All of these requirements to understand the Mona Lisa are what we call in art CONTEXT. What it basically means is that we cannot just dismiss works of art as good or bad without looking at how and when they were made, and who made it. Whereas this process employed by the neophyte art viewer is totally acceptable so that one can leave a work of art based on visual perception and the resulting feeling about it, for those needing a more satisfying experience, it must also come from a more insightful perspective. Context is crucial to this appreciation. That is the reason why another term in art has also been made important. Provenance. It means that where the work of art has been, who made it, and who owned it adds value to the work of art. This is what will make a house investor buy a house once owned by Marilyn Monroe for 100 million dollars but would not buy it for a million if somebody unknown owned it previously. Provenance is what makes a Frank Stella painting owned by Leonardo DiCaprio triple in price if he sold his 1973 Stella. Context is the key to an enjoyable meeting with La Gioconda.
KEY POINTS TO REMEMBER
The Mona Lisa is among the first personal portraits commissioned, signaling a tradition for the same which came to its height at the end of the classical period in art, and at the beginning of the modern period, The formal, three-quarter pose became the standard pose for portraits even to this day. The younger master, Raphael, copied this in one of his paintings, and the painting technique in almost all his paintings. Needless to say, Raphael became the icon to which other portrait artists, even today, refer to.

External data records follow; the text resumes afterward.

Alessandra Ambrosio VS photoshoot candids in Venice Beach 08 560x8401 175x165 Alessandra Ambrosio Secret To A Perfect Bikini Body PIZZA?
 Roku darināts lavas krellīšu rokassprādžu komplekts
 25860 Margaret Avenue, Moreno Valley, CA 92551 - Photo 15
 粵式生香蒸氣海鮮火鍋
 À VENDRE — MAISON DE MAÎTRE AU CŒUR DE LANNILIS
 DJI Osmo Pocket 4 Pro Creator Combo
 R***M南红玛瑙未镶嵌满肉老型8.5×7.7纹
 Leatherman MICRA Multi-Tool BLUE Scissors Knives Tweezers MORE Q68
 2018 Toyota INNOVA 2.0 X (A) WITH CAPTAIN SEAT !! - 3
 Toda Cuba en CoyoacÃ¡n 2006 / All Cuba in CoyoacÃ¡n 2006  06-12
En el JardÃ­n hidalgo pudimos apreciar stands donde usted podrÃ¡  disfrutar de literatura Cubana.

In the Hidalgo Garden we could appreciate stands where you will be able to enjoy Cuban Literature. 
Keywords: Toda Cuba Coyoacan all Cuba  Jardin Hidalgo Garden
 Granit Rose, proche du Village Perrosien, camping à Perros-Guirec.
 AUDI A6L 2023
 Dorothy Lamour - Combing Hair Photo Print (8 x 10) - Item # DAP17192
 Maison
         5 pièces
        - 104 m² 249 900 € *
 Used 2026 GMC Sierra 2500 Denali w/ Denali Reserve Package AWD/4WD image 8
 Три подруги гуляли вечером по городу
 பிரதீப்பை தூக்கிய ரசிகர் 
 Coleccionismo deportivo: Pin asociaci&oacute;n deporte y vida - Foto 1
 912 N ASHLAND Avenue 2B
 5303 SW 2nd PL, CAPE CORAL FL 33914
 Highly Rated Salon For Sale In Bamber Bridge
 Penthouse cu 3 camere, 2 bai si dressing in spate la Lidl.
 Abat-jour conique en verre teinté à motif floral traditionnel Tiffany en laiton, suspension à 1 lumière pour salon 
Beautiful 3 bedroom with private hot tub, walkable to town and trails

We see the beginning of the use of perspective to depict realistic space on a two-dimensional surface.
The painting was not painted to present or represent beauty itself, but as a culmination of many of the learnings Leonardo learned in his experiments with human anatomy, the effect of light on colors and thus blending them subtly instead of using sharp lines to define an edge of a subject.
The sense of overall harmony achieved in the painting—especially apparent in the sitter’s faint smile—reflects Leonardo’s idea of the cosmic link connecting humanity and nature, making this painting an enduring record of Leonardo’s vision. In its exquisite synthesis of sitter and landscape, the Mona Lisa set the standard for all future portraits.
The sfumato technique was the first understanding of how light actually affects colors and how the human eye perceives that effect, the very reason for the birth of the modern techniques in art.
New pigments available in the 16th century were not as luminous as synthetic colors of today. The oil binders held the pigments for centuries but also darkened the paintings.
Context is crucial for a more insightful appreciation, else, the layman’s perspective is also acceptable.